The Company also issued to designees of the Placement Agent warrants to purchase up to 175,200 shares of Common Stock (the “Placement
Agent Warrants”) constituting 8% of the aggregate number of shares of Common Stock sold in the public offering. The Placement Agent
Warrants have substantially the same terms as the Warrants, except that the Placement Agent Warrants have an exercise price equal to
125% of the offering price per share (or $5.55625 per share). Upon any exercise of the Warrants for cash, we have also agreed to pay
the Placement Agent warrants to purchase 8% of the number of shares of our Common Stock issued upon such exercise.
In
March 2021, Company issued 1,500 shares of common stock valued at $4.99 per share to an investor relations firm previously engaged by
the Company as partial compensation for services rendered.
Preferred
Stock
The
Company is authorized to issue 10,000,000 shares of preferred stock, $0.001 par value, of which 465 shares were issued and outstanding
at September 30, 2022 and December 31, 2021.
In
January 2020, the Company entered into a Securities Purchase Agreement with certain institutional investors (the “Institutional
Private Placement”), pursuant to which the Company issued and sold 1,640 shares of the Company’s newly created Series D Convertible
Preferred Stock (the “Series D Preferred Stock”) at an initial stated value of $1,000 per share. Dividends accrue at a rate
of 9% per annum (subject to increase upon the occurrence (and during the continuance) of certain triggering events described therein)
and are payable monthly in kind by the increase of the stated value of the Series D Preferred Shares by said amount. The holders of the
Series D Preferred Shares have the right at any time to convert all or a portion of the Series D Preferred Shares (including, without
limitation, accrued and unpaid dividends and make-whole dividends through the third anniversary of the closing date) into shares of the
Company’s Common Stock at the conversion price then in effect, which is $2.50 (subject to adjustment for stock splits, dividends,
recapitalizations and similar events and full ratchet price protection in the event the Company issues or sells, or is deemed to have
issued or sold, shares of Common Stock for a consideration per share less than a price equal to the conversion price then in effect).
Alternatively, a holder may at any time convert all, or any part, of its Series D Preferred Shares at an alternative conversion price
equal to the lower of the applicable conversion price then in effect, and the greater of (x) $1.80 and (y) 85% of the average volume
weighted average price (“VWAP”) of the Common Stock for a five-trading day period prior to such conversion.
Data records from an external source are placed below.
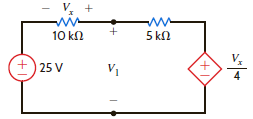 Find V 1 in the network in Fig. P2.34. Figure P2.34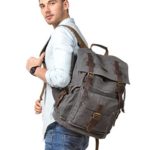 Kattee Men’s Leather Canvas Backpack Large School Bag Travel Rucksack Gray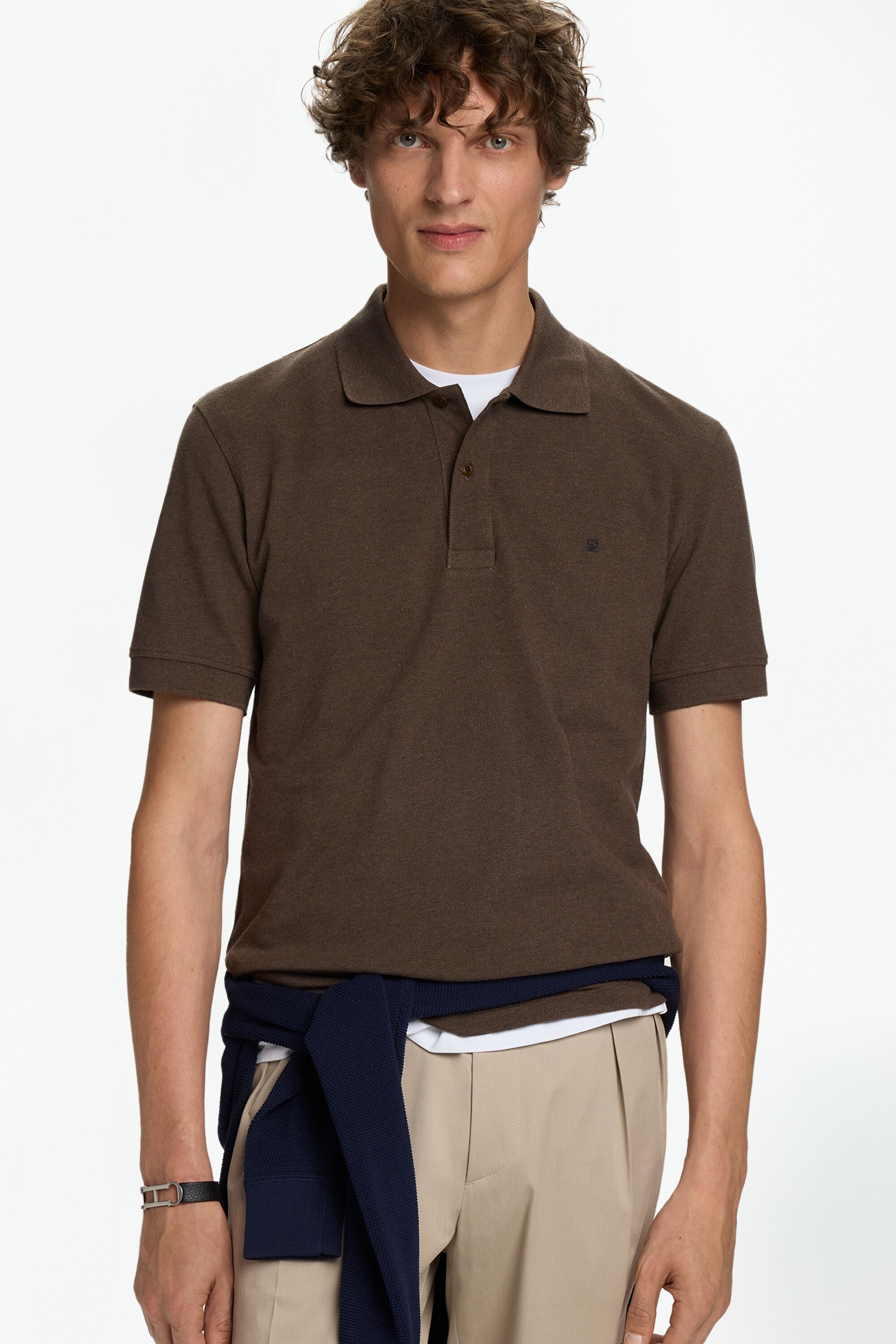 Mélange Piqué Polo Shirt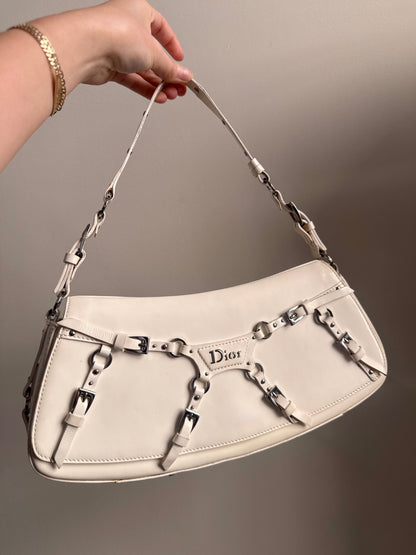 RARE Christian Dior White Patent Leather Bondage Shoulder Bag w/ Dustbag
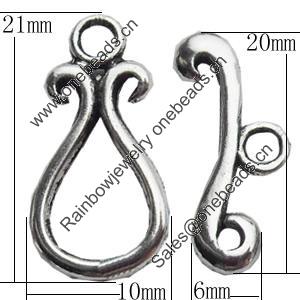 Clasps Zinc Alloy Jewelry Findings Lead-free, Loop:10x21mm Bar:6x20mm, Sold by KG 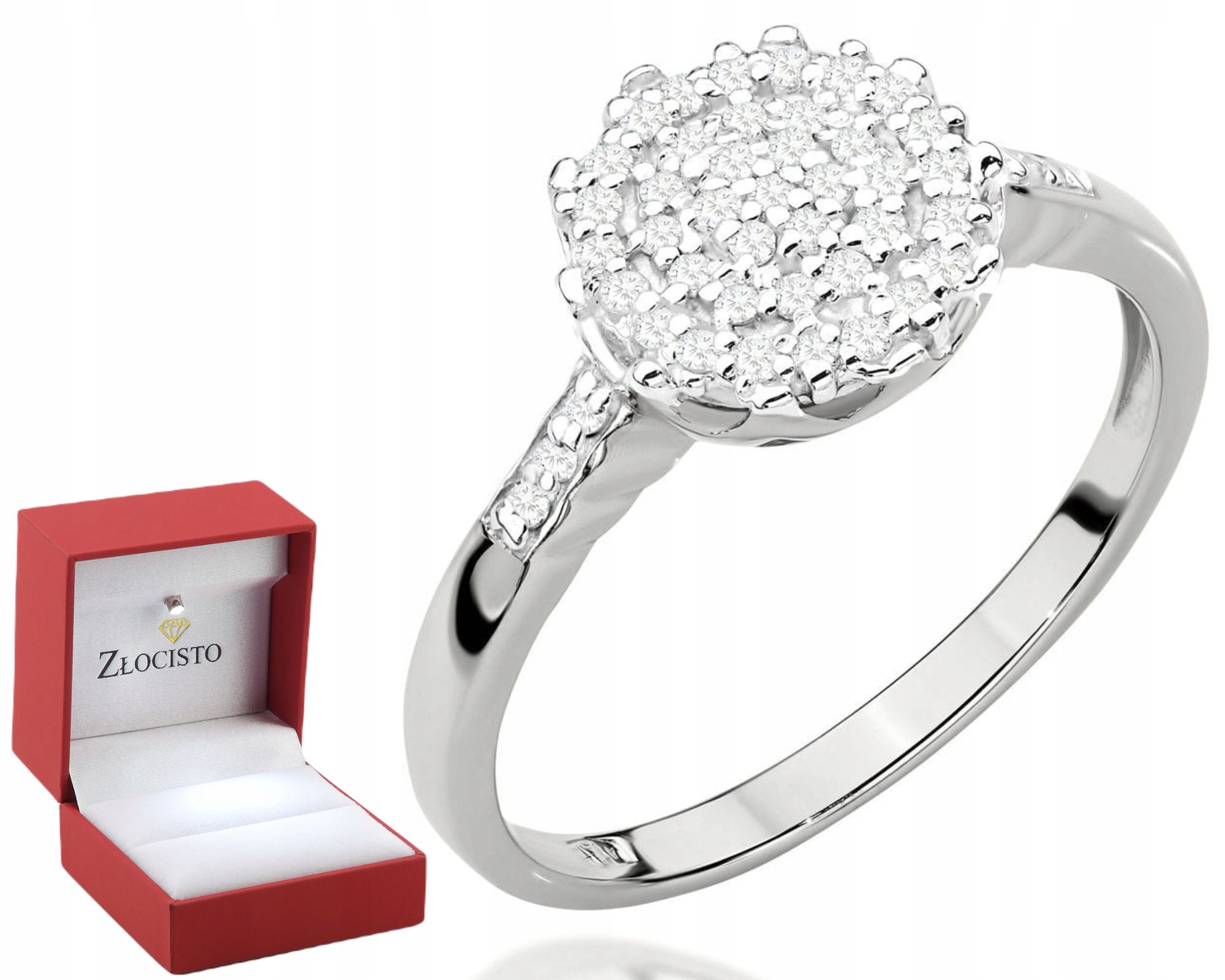 Bílé Zlato Prstýnek S Diamanty Gravírování 585 Bonus Dárek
Upon the occurrence
of certain triggering events, described in the Certificate of Designations, including, but not limited to payment defaults, breaches
of transaction documents, failure to maintain listing on the Nasdaq Capital Market, and other defaults set forth therein, the Series
D Preferred Shares would become subject to redemption, at the option of a holder, at a 125% premium to the underlying value of the Series
D Preferred Stock being redeemed.
At
September 30, 2022, there were 132 shares of Series D Preferred Stock outstanding, which if converted as of September 30, 2022, including
the make-whole dividends, would result in the issuance of 87,267 shares of common stock.
Concurrent
with the Institutional Private Placement, the Company entered into a Securities Purchase Agreement pursuant to which the Company issued
and sold to certain of its directors and the Company’s then largest stockholder 333 shares of the Company’s newly created
Series E Convertible Preferred Stock (the “Series E Preferred Stock”) at an initial stated value of $1,000 per share. Dividends
accrue at a dividend rate of 9% per annum and are payable monthly in kind by the increase of the stated value of the Series E Preferred
Stock by said amount. The Series E Preferred Stock is initially convertible into 48,544 shares of common stock (subject to adjustment
for stock splits, dividends, recapitalizations and similar events).
At
September 30, 2022, 333 shares of Series E Preferred Stock were outstanding, which if converted as of September 30, 2022, including the
make-whole dividends, would result in the issuance of 61,651 shares of common stock.
Stock
Options
As
of September 30, 2022, an aggregate of 450,617 shares of common stock were reserved for future issuance under the Company’s 2013
Equity Incentive Plan.
In
March 2022, the Company granted options to its non-employee directors to purchase up to an aggregate of 56,000 shares of common stock
at a strike price of $2.50. As of September 30, 2022, 75% of such grants were fully vested and exercisable, and the remaining 25% will
vest on December 31, 2022 subject to the directors remaining in our service through such date.
During
the nine months ended September 30, 2022, the Company granted twelve employees options to purchase up to an aggregate of 228,973 shares
of common stock in connection with their employment. The options have a strike price of $2.50 with vesting periods ranging from immediately
upon issuance to three years beginning July 1, 2022, provided that the employees remain employed by the Company on such dates. In addition,
the Company granted its President and CEO options to purchase up to 135,000 shares of common stock in connection with his employment.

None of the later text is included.